İslam üniversitesinde okuyan bir kardeşimizin Üstadımızın hayatını sunum tarzında sınıfında anlatması talabelerin ve hocanın nazar-ı dikkatini celbediyor. Başkent Kuala Lumpur Devlet Hastahanesine 200 tane hastalar risalesi verildi. Hastahanenin başhekimliği de teşekkür yazısı yazarak derneğimize mektup gönderdi. Ayrıca Risaleleri okuyan bir ablamız, oğlunun düğünün de misafirlerine hediye etmek üzere 1000(bin) tane kadar küçük risalelerden aldı. Yine başka bir ablamız 50 tane hanımlar risalesini sipariş verdi, yakınlarına okutup hediye edeceğini söyledi. Ve bunun gibi kitap ve külliyat satışlarımız yapılarak Nurların neşriyatı devam ediyor.

Ayrıca geçen hafta Malezyanın önemli yayın evlerinden birisiyle olan görüşmemizde Risaleleri şimdilik kısmen tab edeceğinin sözünü aldık ve kendisine hanımlar rehberi ve hastalar risalesini verdik. Ve son olarak Malezya İslam Ünviversitesinde bir Öğretim Görevlisi ve UPM Üniversitesinde bir Öğretim Görevlisi ile olan görüşmemizde 2011 Haziran Ayında sempozyum yapılmasını kararlaştırdık. İçeriğini daha sonra inşaalah sizlerle istişare edeceğiz.

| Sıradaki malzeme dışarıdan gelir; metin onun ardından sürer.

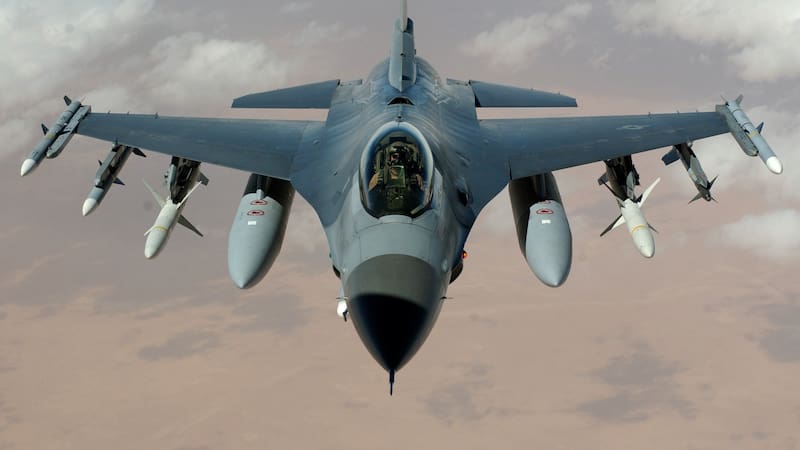 Flota de aviones militares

Biz Malezya Nur talebeleri hizmetler için burada münbit bir ortam olduğunu mümkün görüyoruz. İnşaalah maddi ve manevi imkanların zaman ve zemin hazır oldukça hizmetlerin daha da inkişaf edeceğine kanaatimiz geliyor. Tüm abi ve kardeşlerimize binler selam eder, sizleri de Malezya ya davet eder ve dualarınızı bekleriz.